For nearly two years now, the government of the United States has known that a “Fiscal Cliff” would begin squeezing the U.S. economy on January 1st, 2013, during a weak economic recovery.
The government has known this because the government created the Fiscal Cliff in the first place.
But, for nearly two years, the government has done nothing.
Worse, for nearly two years now, our government has known that the United States would once again bump up against its “debt ceiling” in early 2013.
The government has known this because, last time the country hit the debt ceiling, the government hiked the ceiling only far enough to reach this point.
And yet, for nearly two years, the government has done nothing.
So now we’re a week away from going over the Fiscal Cliff.
Worse, our Treasury Secretary reminds us, we’re a week away from hitting the debt ceiling and starting a ~2 month countdown to the date on which we will be forced to default on our debt.
Default on our debt.
Are we Greece?
Are we Argentina?
Are we some banana republic that never had any intention of or ability to paying back the money we’ve borrowed (from ourselves, among others)?
If we aren’t–and I certainly hope we aren’t–then why on earth is our government even raising the possibility that we might default?
Is our government really that pathetic and irresponsible that stubborn ideology and politics would make this a possibility?

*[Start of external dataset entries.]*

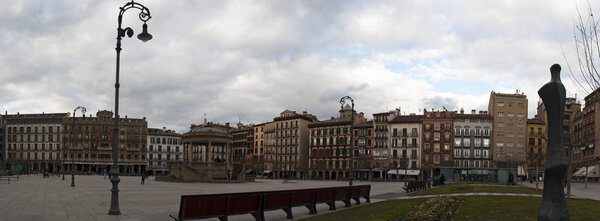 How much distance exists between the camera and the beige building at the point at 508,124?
93.4 metres

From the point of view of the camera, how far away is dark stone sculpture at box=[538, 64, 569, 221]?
30.0 feet

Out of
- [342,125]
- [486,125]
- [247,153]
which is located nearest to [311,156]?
[342,125]

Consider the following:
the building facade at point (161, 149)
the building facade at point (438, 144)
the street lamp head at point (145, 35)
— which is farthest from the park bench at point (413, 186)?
the building facade at point (161, 149)

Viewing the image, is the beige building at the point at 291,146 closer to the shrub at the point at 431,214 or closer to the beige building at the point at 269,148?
the beige building at the point at 269,148

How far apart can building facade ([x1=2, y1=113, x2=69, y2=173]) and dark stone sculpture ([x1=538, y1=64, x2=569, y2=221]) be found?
126m

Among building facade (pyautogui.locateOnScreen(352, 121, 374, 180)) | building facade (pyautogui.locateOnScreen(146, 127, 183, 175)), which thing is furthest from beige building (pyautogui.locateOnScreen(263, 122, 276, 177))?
building facade (pyautogui.locateOnScreen(146, 127, 183, 175))

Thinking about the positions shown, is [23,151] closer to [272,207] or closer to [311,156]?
[311,156]

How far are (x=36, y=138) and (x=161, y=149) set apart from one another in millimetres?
30604

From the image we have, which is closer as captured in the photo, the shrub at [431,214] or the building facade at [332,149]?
the shrub at [431,214]

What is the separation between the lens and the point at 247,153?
128375 mm

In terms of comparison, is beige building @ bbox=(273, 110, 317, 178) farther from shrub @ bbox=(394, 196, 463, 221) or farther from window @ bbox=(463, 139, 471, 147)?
shrub @ bbox=(394, 196, 463, 221)

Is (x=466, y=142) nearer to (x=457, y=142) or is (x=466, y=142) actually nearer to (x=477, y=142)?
(x=457, y=142)

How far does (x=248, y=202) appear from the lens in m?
14.2

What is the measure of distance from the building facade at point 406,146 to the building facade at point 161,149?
61190 millimetres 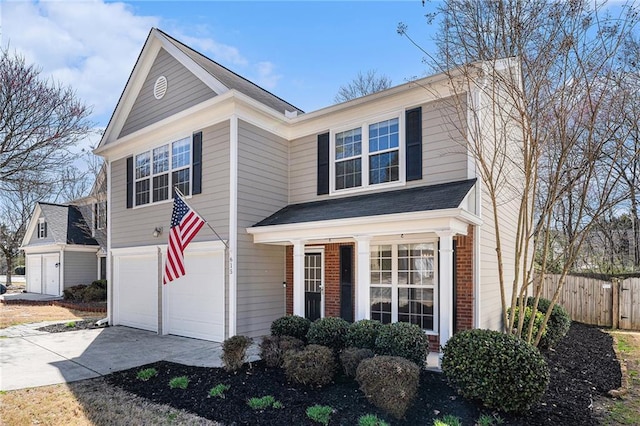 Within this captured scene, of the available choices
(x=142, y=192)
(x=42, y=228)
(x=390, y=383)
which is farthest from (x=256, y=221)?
(x=42, y=228)

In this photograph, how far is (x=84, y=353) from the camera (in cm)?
840

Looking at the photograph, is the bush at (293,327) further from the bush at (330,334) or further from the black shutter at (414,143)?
the black shutter at (414,143)

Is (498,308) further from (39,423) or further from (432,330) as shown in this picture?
(39,423)

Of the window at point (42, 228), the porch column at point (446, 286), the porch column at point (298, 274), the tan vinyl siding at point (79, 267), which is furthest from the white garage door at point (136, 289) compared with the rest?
the window at point (42, 228)

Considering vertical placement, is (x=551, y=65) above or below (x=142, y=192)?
above

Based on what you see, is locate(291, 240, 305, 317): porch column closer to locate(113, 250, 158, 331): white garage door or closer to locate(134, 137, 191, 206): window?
locate(134, 137, 191, 206): window

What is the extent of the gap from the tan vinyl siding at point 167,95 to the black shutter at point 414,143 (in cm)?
486

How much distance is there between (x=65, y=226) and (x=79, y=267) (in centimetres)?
271

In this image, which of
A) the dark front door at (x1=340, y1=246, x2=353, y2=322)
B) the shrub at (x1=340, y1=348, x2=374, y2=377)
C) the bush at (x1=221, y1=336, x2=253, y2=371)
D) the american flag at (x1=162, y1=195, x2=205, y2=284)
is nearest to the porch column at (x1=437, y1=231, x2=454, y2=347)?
the shrub at (x1=340, y1=348, x2=374, y2=377)

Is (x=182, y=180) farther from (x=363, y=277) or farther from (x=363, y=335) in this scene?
(x=363, y=335)

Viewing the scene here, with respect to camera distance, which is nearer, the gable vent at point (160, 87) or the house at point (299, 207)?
the house at point (299, 207)

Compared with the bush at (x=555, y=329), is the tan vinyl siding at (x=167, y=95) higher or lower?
higher

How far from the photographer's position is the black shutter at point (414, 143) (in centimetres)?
841

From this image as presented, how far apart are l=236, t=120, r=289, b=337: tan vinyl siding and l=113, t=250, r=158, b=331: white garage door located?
11.2ft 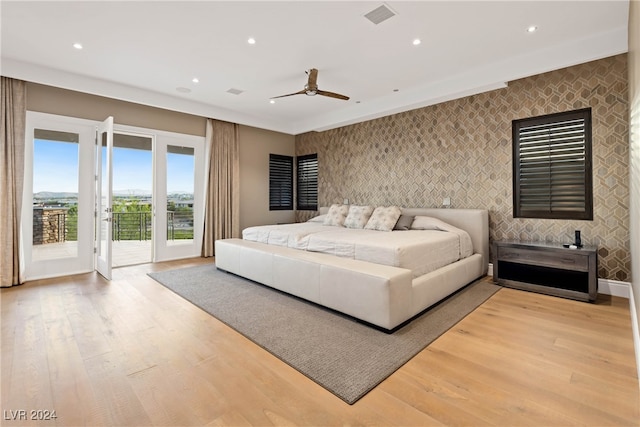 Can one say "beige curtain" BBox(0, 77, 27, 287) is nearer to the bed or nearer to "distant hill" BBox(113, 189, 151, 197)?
the bed

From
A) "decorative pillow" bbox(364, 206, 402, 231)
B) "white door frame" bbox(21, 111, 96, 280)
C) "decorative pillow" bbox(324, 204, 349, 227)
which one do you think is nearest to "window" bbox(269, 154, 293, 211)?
"decorative pillow" bbox(324, 204, 349, 227)

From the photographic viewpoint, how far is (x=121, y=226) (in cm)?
752

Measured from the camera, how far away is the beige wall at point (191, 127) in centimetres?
438

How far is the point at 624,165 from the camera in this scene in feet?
11.0

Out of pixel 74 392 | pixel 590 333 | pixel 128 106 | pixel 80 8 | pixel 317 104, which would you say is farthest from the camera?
pixel 317 104

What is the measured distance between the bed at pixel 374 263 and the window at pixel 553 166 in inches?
24.4

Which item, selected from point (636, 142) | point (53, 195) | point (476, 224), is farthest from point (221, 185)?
point (636, 142)

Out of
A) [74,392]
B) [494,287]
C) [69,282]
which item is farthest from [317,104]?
[74,392]

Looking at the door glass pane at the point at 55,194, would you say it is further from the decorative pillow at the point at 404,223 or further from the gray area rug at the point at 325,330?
the decorative pillow at the point at 404,223

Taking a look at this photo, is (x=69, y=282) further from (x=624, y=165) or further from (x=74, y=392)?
(x=624, y=165)

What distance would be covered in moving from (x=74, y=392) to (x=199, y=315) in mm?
1218

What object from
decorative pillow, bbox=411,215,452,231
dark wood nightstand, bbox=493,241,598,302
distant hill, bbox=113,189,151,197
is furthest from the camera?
distant hill, bbox=113,189,151,197

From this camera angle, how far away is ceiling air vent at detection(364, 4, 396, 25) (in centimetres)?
278

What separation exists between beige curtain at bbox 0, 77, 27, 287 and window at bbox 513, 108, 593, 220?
6655 mm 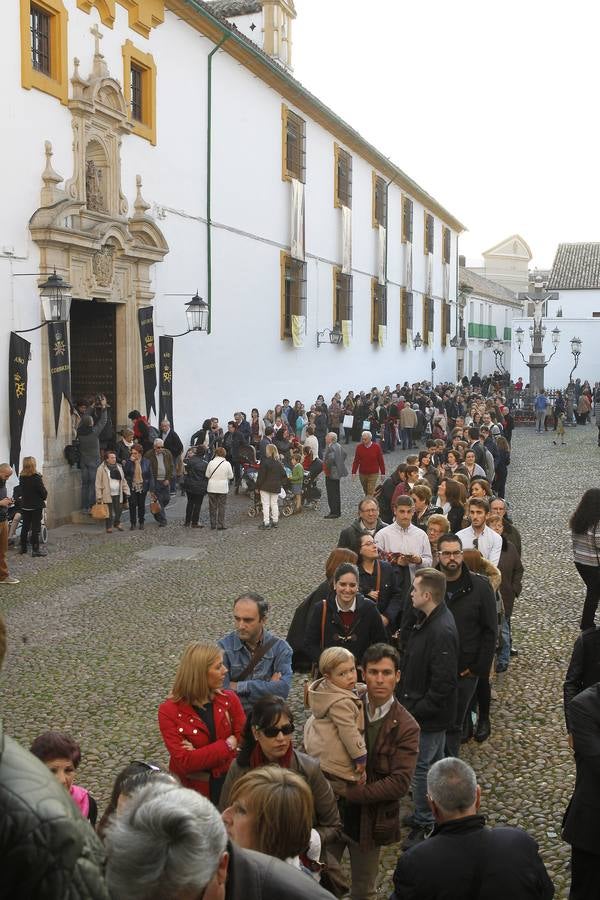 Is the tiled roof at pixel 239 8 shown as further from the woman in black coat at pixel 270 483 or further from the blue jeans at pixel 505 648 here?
the blue jeans at pixel 505 648

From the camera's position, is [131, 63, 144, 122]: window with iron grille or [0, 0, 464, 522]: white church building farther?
[131, 63, 144, 122]: window with iron grille

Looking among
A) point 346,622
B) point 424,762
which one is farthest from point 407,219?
point 424,762

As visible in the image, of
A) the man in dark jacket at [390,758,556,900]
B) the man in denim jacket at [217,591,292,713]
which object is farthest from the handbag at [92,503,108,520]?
the man in dark jacket at [390,758,556,900]

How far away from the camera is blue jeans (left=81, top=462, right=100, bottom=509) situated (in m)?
15.6

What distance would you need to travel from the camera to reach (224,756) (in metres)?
4.10

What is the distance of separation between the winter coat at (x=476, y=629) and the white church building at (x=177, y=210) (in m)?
10.1

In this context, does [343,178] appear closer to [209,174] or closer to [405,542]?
[209,174]

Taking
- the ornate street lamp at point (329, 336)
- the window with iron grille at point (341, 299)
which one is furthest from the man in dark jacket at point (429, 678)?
the window with iron grille at point (341, 299)

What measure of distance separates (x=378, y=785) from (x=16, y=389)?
37.2 ft

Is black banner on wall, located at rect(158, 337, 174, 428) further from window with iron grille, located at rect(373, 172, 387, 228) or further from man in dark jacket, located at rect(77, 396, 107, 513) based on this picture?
window with iron grille, located at rect(373, 172, 387, 228)

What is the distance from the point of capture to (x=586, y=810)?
3824 mm

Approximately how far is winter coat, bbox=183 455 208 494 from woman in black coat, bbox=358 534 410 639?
346 inches

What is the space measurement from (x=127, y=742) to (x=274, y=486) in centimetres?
915

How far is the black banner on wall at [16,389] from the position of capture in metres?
14.0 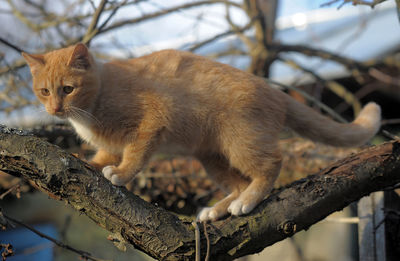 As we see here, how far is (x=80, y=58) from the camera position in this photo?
2039 mm

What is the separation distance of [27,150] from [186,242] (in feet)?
2.48

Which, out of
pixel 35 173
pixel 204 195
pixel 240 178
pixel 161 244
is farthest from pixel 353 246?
pixel 35 173

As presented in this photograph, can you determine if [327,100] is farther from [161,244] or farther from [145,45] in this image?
[161,244]

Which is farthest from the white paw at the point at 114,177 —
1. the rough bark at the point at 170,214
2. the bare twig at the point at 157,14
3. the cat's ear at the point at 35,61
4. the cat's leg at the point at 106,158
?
the bare twig at the point at 157,14

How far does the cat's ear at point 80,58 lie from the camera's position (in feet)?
6.51

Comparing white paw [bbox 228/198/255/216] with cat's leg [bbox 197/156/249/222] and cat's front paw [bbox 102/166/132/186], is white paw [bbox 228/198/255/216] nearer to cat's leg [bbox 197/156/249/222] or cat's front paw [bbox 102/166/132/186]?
cat's leg [bbox 197/156/249/222]

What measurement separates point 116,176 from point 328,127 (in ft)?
4.11

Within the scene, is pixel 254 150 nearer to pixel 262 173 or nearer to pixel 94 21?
pixel 262 173

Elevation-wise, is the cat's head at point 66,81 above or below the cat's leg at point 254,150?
above

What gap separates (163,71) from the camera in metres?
2.14

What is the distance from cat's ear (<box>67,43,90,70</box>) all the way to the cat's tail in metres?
1.21

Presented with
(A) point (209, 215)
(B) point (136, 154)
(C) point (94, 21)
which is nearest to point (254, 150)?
(A) point (209, 215)

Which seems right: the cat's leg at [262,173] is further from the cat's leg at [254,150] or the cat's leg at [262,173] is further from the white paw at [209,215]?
the white paw at [209,215]

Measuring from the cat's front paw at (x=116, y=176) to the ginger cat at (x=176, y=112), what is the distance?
0.04 m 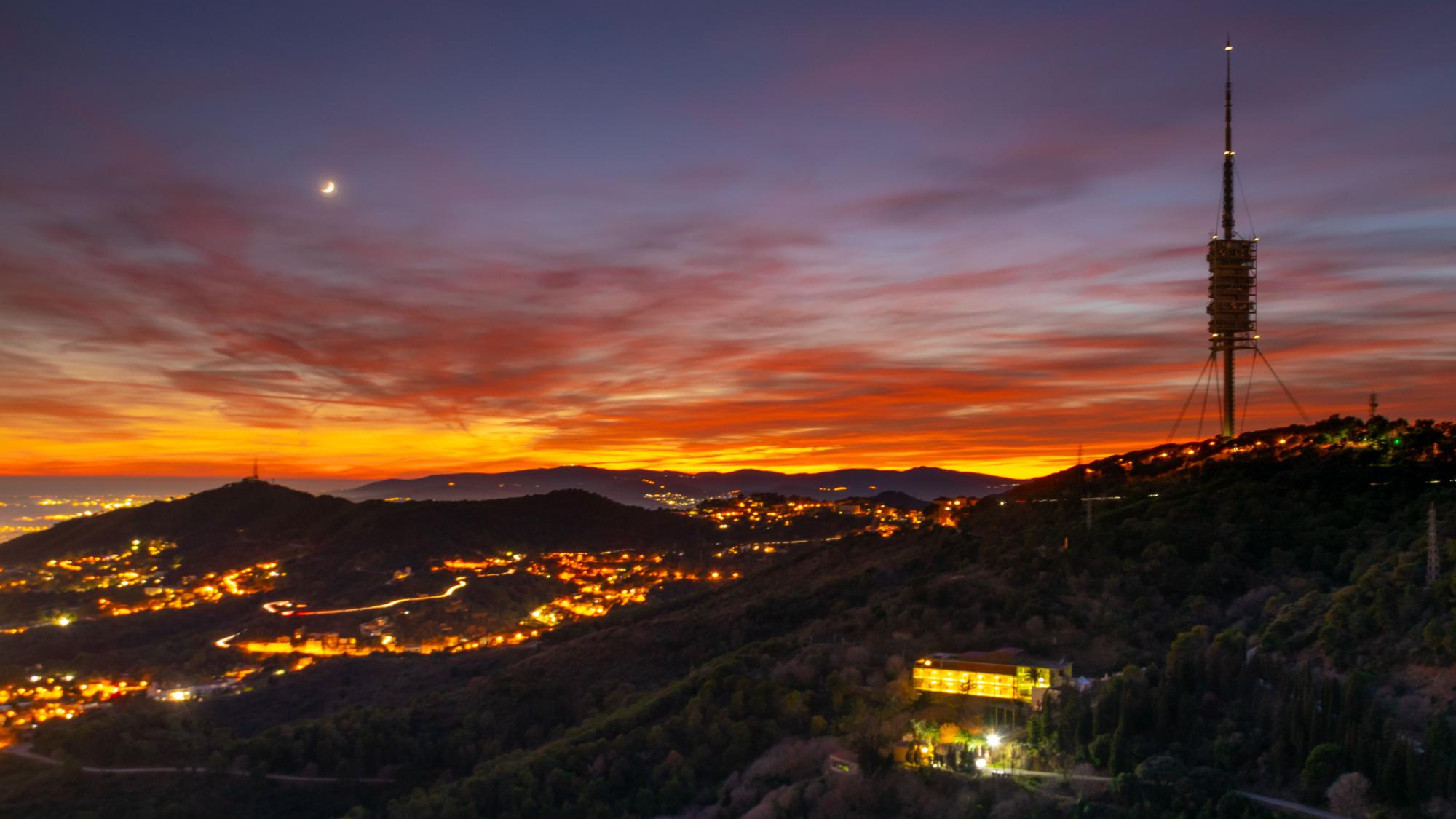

Apparently, the answer is “yes.”
No wonder so many people hate Congress. No wonder so many people think this country has lost its way.
We sent our leaders to Washington to lead, not to piss and moan and point fingers and make accusatory speeches. And now, in a spectacular display of incompetence, they’re driving us right over the cliff.
The way to lead when there is strong disagreement about the way forward is to compromise, not to threaten to default, punish ordinary Americans, whine, and otherwise act like toddlers in a sandbox.
The reasonable, responsible people in our government–of both parties–need to come together and cut a deal on the Fiscal Cliff.
The first element of that deal has to be to raise the debt ceiling to a level that the country should never reach as long as Congress follows through with a reasonable long-term debt reduction plan. And an agreement to work out that plan in the next year needs to be the second element of the deal.
And if the government is just too myopic and polarised to reach a deal on the Cliff, then, at the very least, the debt ceiling should immediately be hiked.
Anything else is irresponsible and pathetic.